__PROBLEM__: Word for word, transcribe every line from the one holding "Producer Paula Wagner" through the end of the records, but not the pictures.

[SOURCE INFORMATION Boundary: Start]

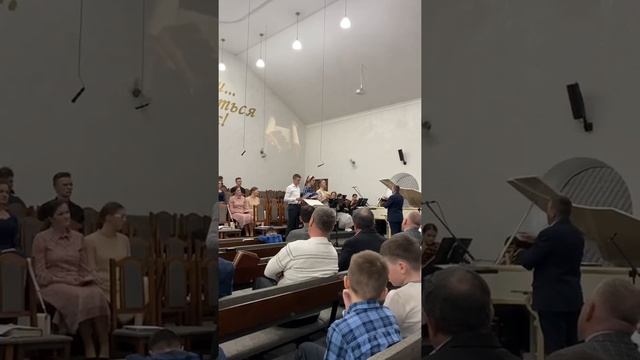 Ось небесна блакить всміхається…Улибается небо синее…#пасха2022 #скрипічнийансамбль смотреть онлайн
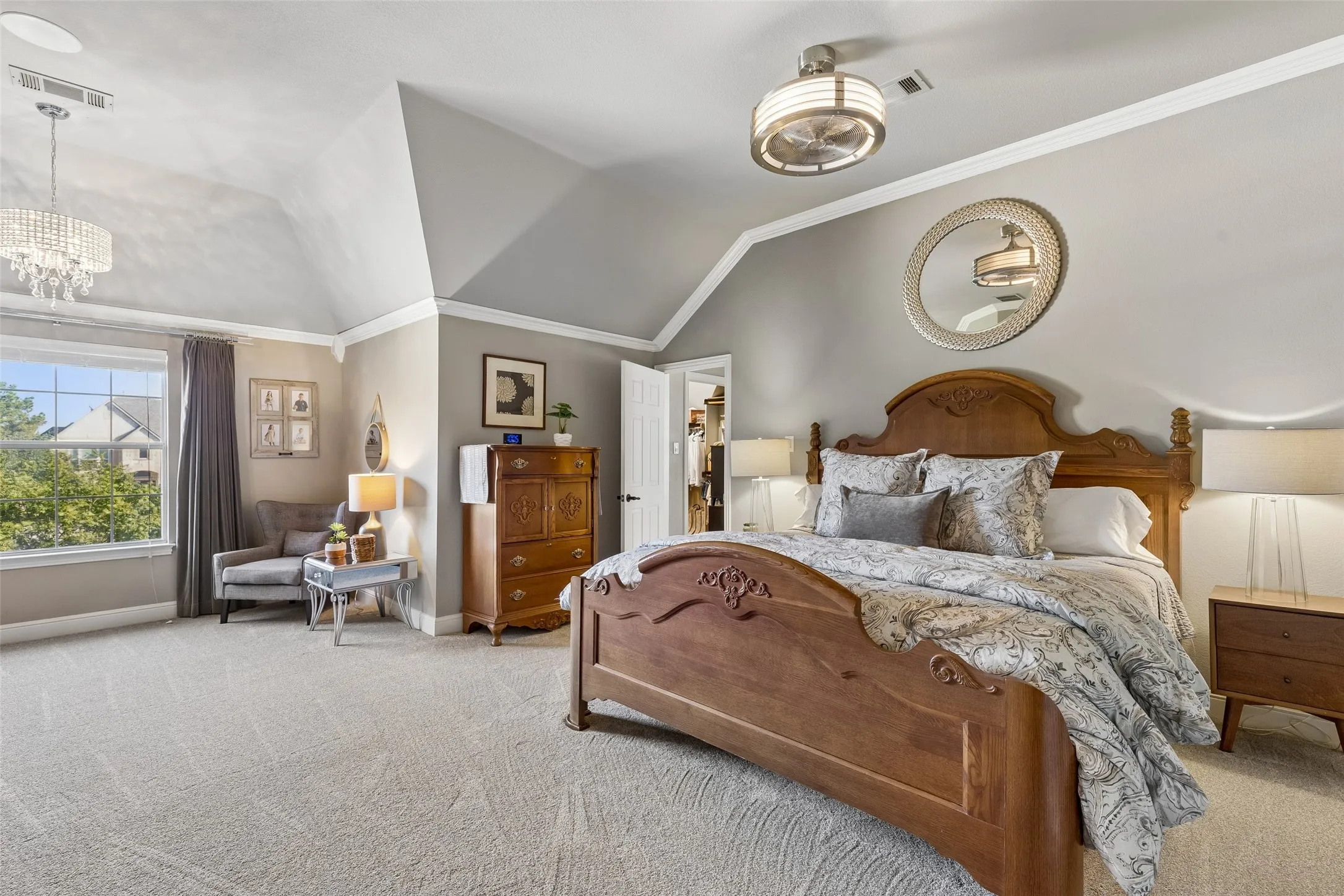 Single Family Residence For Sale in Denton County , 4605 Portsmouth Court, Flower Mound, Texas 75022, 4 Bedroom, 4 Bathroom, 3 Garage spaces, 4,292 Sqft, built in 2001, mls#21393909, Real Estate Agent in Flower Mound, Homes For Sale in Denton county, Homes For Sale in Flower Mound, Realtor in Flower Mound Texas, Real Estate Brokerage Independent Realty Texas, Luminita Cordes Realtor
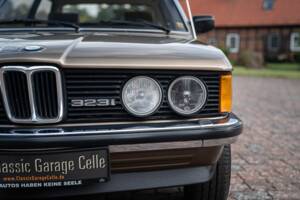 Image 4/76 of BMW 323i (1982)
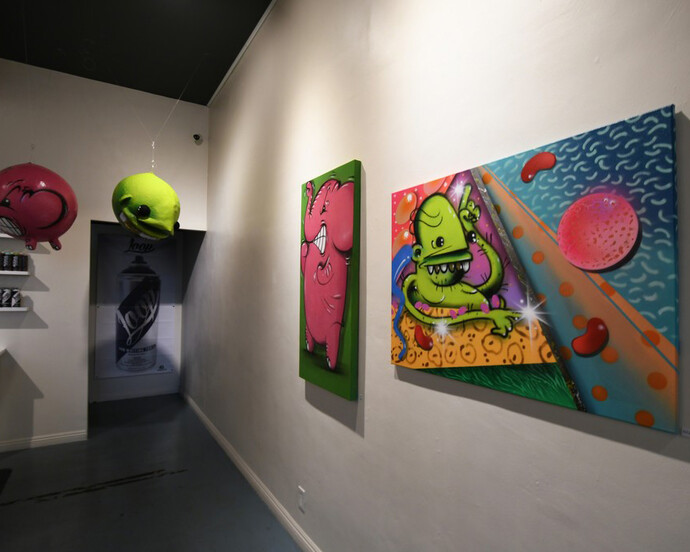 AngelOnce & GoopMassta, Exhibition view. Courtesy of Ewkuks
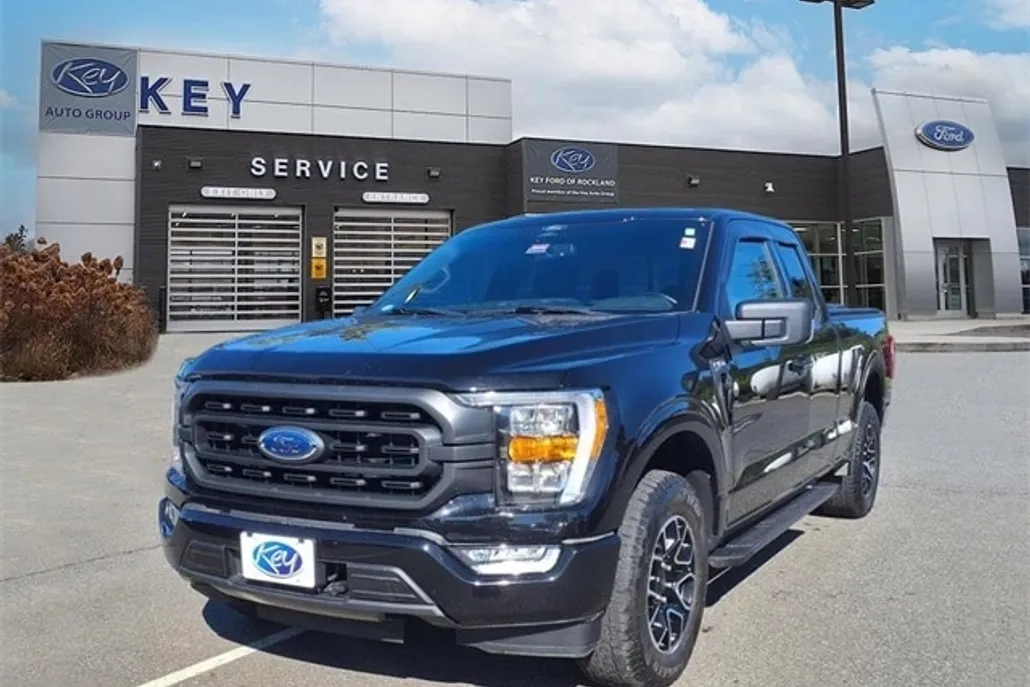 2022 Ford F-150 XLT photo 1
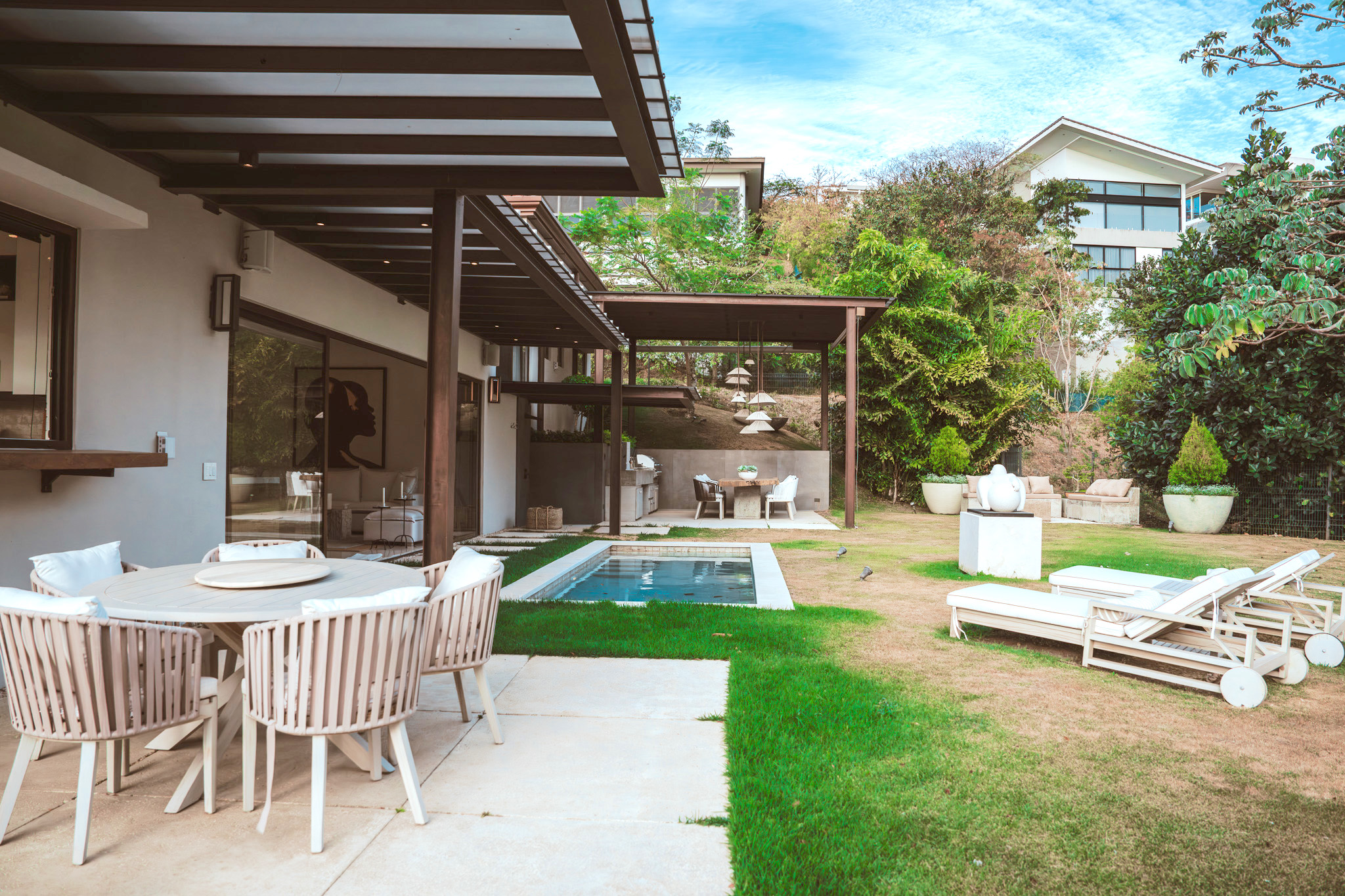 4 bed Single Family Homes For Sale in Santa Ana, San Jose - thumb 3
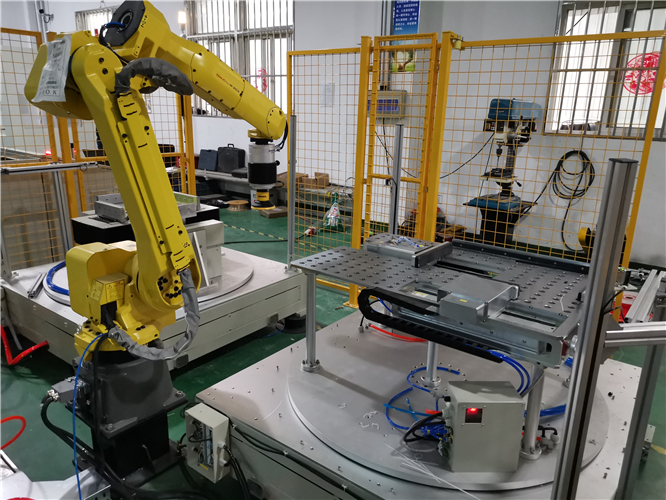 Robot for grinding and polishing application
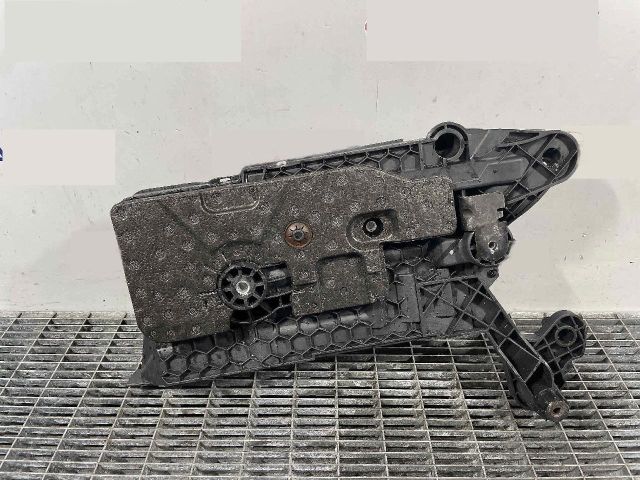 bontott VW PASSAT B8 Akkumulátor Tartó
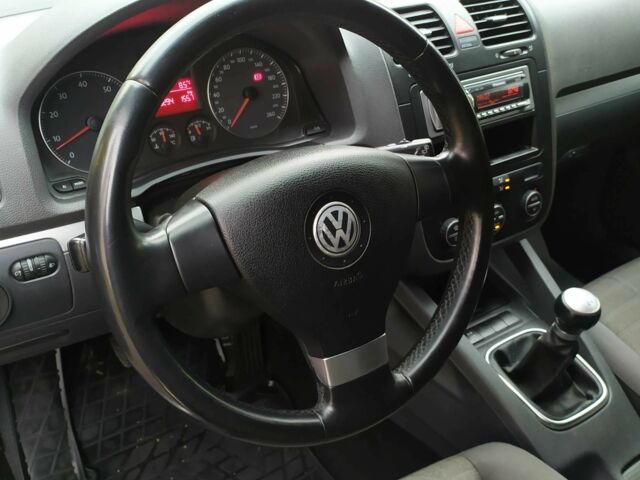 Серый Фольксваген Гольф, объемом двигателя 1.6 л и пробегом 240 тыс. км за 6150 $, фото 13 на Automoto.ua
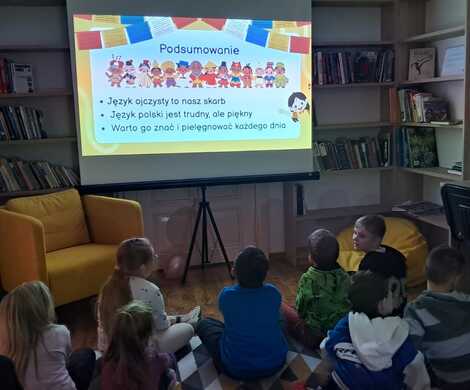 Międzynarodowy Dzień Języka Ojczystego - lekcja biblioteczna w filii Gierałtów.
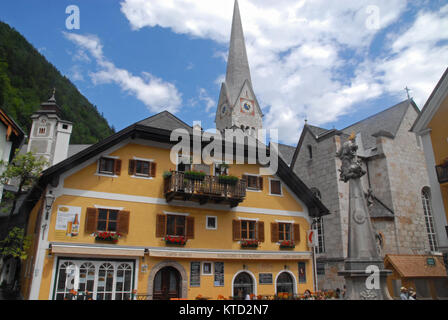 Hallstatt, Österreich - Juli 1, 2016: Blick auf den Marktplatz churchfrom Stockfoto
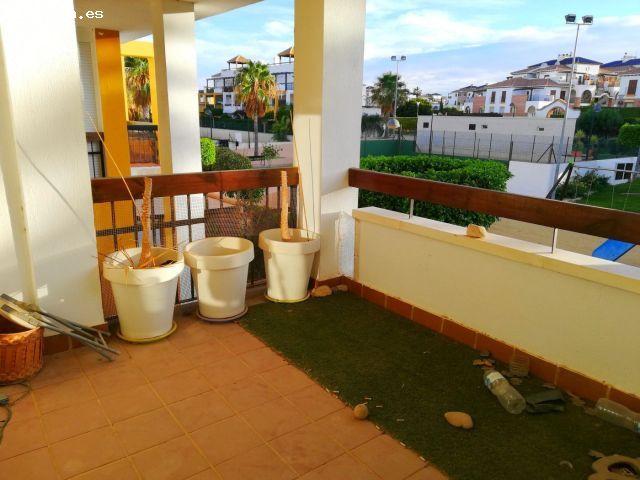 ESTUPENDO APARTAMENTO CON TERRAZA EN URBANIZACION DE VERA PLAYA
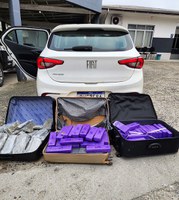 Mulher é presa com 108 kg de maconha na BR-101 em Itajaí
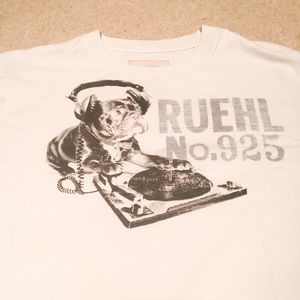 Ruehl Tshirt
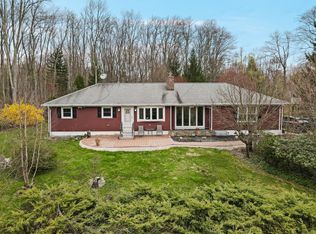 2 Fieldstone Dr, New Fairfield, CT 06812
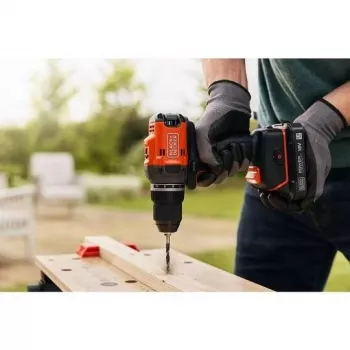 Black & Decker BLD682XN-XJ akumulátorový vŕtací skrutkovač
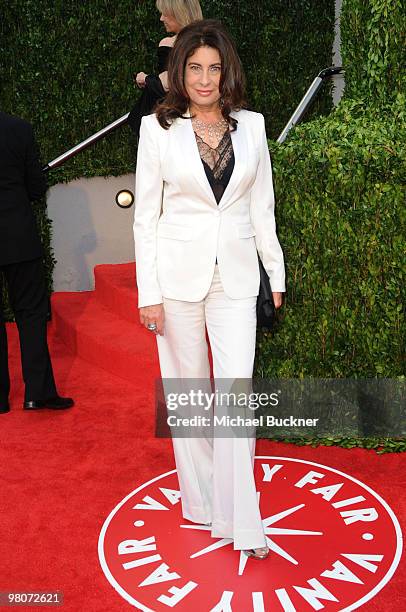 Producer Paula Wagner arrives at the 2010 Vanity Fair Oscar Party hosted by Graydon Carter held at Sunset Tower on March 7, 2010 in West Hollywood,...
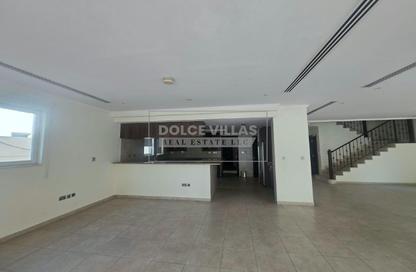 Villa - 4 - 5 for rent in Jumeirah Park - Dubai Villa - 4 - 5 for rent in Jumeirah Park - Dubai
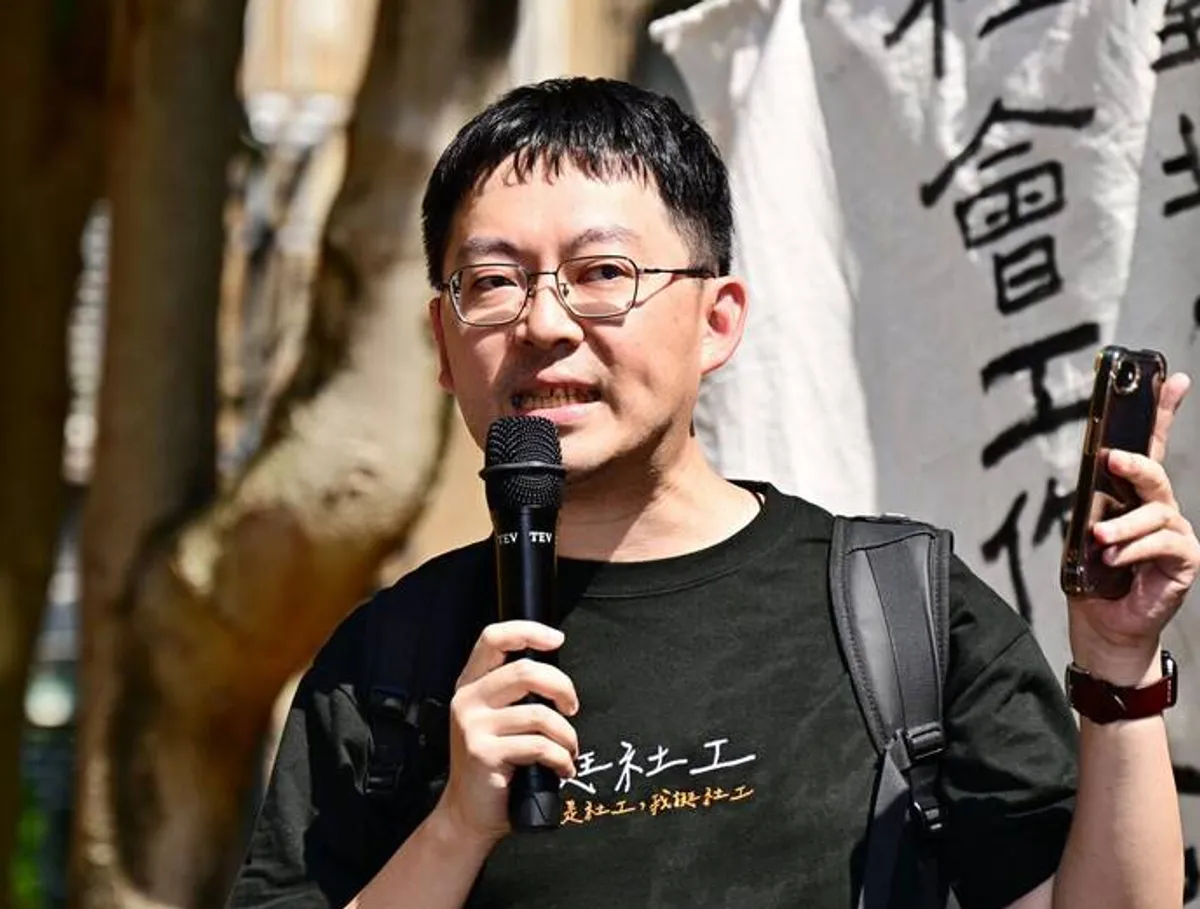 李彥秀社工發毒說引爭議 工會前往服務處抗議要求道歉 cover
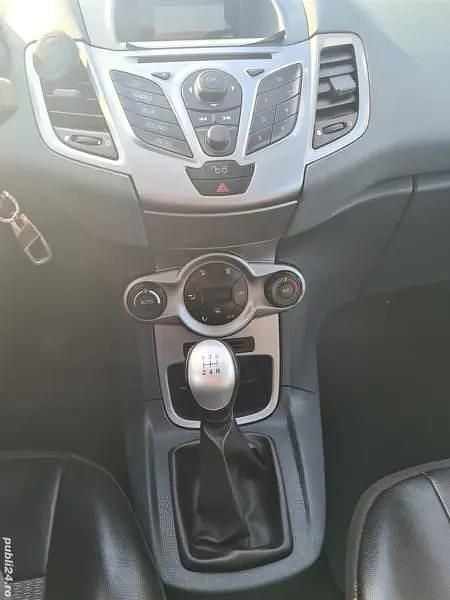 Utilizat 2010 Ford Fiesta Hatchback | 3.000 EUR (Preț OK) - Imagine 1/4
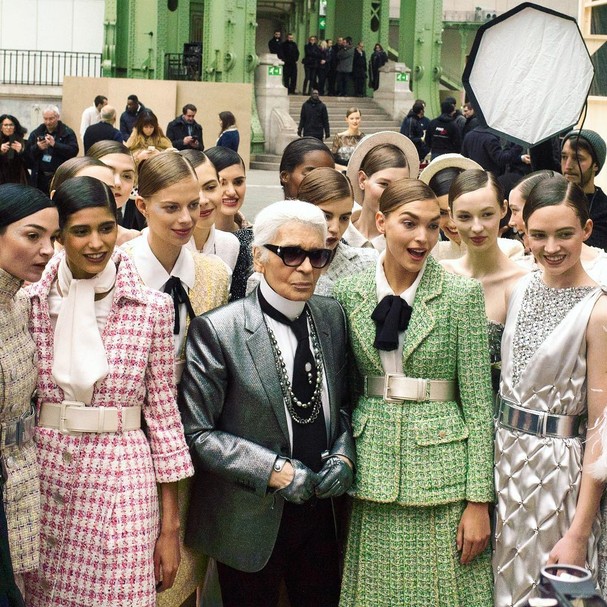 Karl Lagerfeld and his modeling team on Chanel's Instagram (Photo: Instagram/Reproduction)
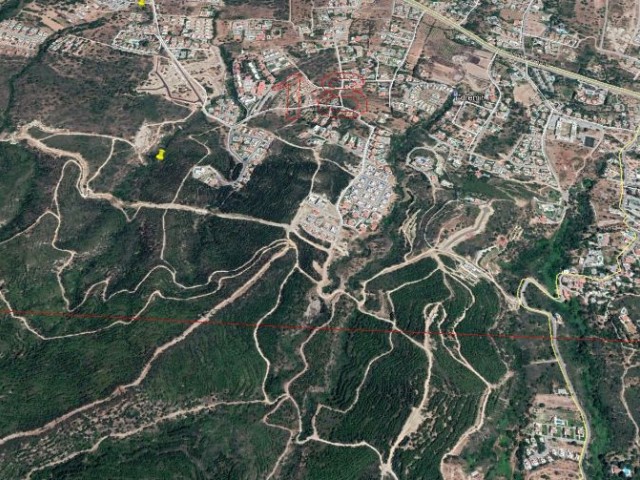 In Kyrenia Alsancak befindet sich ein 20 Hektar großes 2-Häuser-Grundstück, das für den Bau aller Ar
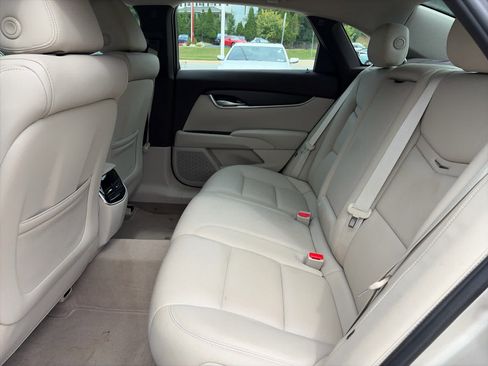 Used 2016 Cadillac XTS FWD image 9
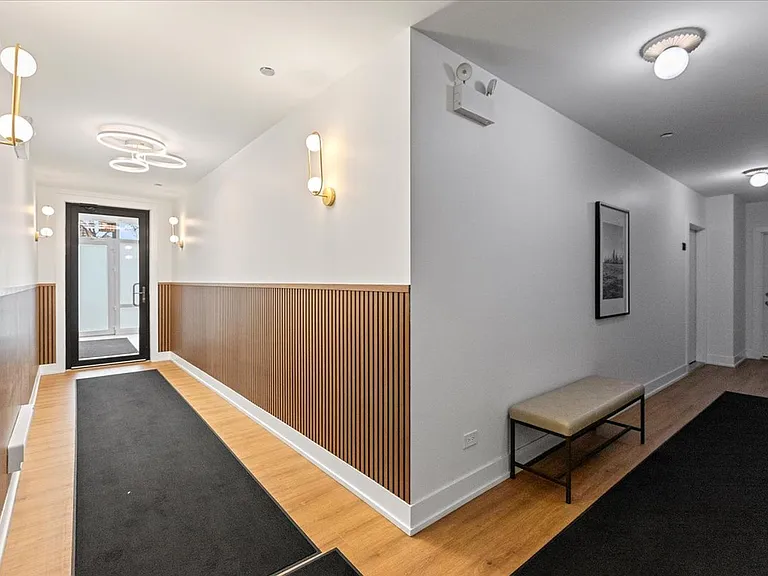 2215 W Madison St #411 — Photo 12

[SOURCE INFORMATION Boundary: End]

__EXERCISE ANSWER__:
 Producer Paula Wagner arrives at the 2010 Vanity Fair Oscar Party hosted by Graydon Carter held at Sunset Tower on March 7, 2010 in West Hollywood,...
 Villa - 4 - 5 for rent in Jumeirah Park - Dubai Villa - 4 - 5 for rent in Jumeirah Park - Dubai
 李彥秀社工發毒說引爭議 工會前往服務處抗議要求道歉 cover
 Utilizat 2010 Ford Fiesta Hatchback | 3.000 EUR (Preț OK) - Imagine 1/4
 Karl Lagerfeld and his modeling team on Chanel's Instagram (Photo: Instagram/Reproduction)
 In Kyrenia Alsancak befindet sich ein 20 Hektar großes 2-Häuser-Grundstück, das für den Bau aller Ar
 Used 2016 Cadillac XTS FWD image 9
 2215 W Madison St #411 — Photo 12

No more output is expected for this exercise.